▶ **Your objective**
Your output should be the lines below from the one holding "portrait of a woman in a white lab coat" through the one holding "Sandały Nine West.", transcribed exactly, with no pictures.

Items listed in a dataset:
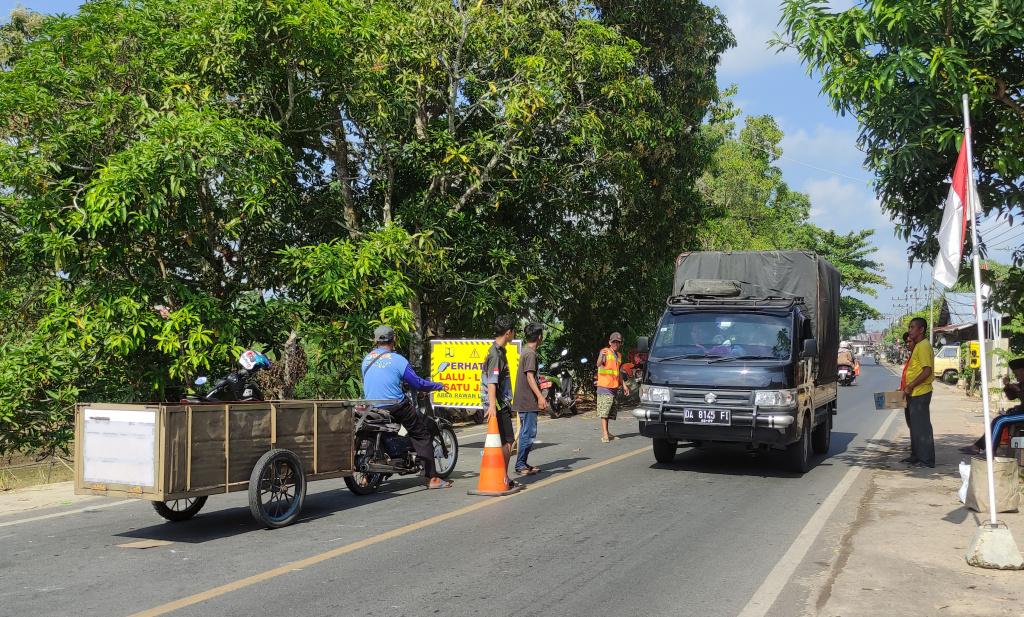 Warga-turut-membantu-mengatur-lalu-lintas-di-jalan-nasional-di-Desa-Turak-HSU.jpg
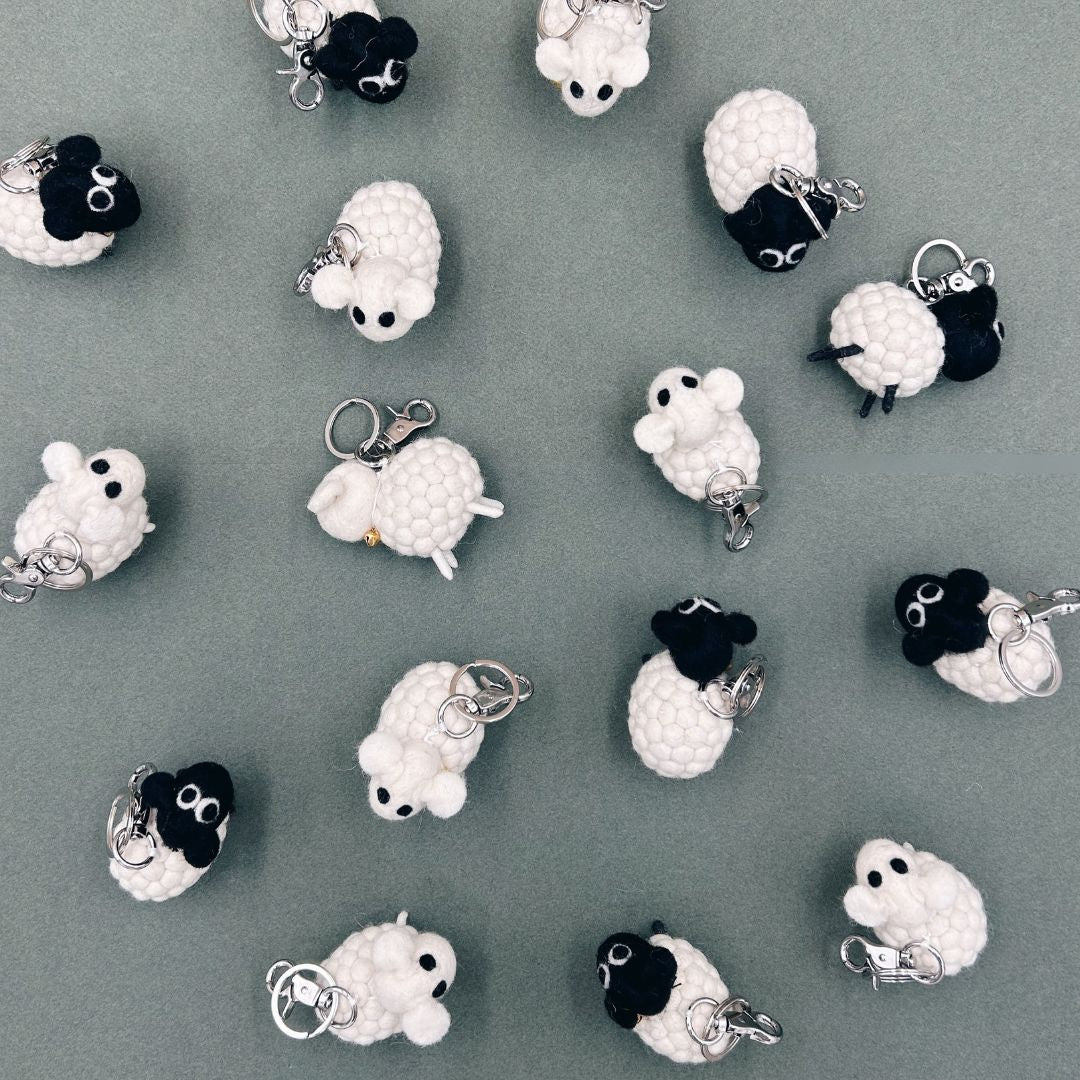 Accumulation de porte-clés moutons artisanaux en laine feutrée blanche et noire New Heidi vus du dessus.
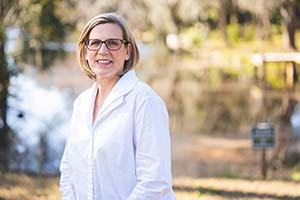portrait of a woman in a white lab coat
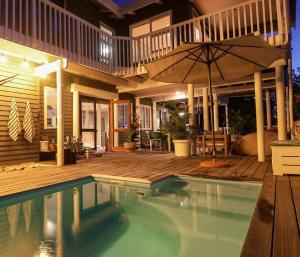 uma casa com piscina e guarda-sol em Lush Spacious Family Home between Beach & Town em Knysna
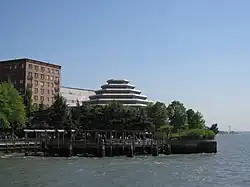 Photo en couleurs d'un bâtiment pyramidal et hexagonal émergeant au-dessus des arbres et d'un bras de mer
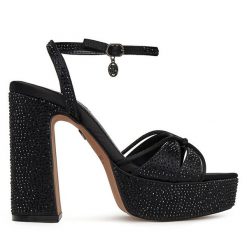Sandały Nine West. Czarne sandały Nine West, bez wzorów, bez obcasa, na słupku, bez zapięcia. Za 259.99 zł.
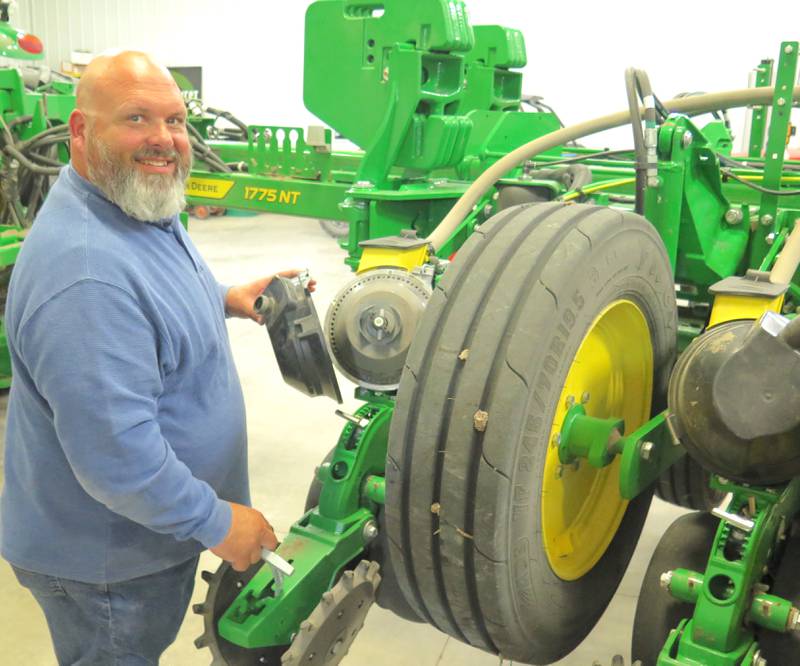 Jay Whalen checks his planter while the family was in “hold mode” on April 29. The Whalens got about half of their corn and soybeans planted before rain shutdown their progress.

▶ **The completed task**
portrait of a woman in a white lab coat
 uma casa com piscina e guarda-sol em Lush Spacious Family Home between Beach & Town em Knysna
 Photo en couleurs d'un bâtiment pyramidal et hexagonal émergeant au-dessus des arbres et d'un bras de mer
Sandały Nine West. Czarne sandały Nine West, bez wzorów, bez obcasa, na słupku, bez zapięcia. Za 259.99 zł.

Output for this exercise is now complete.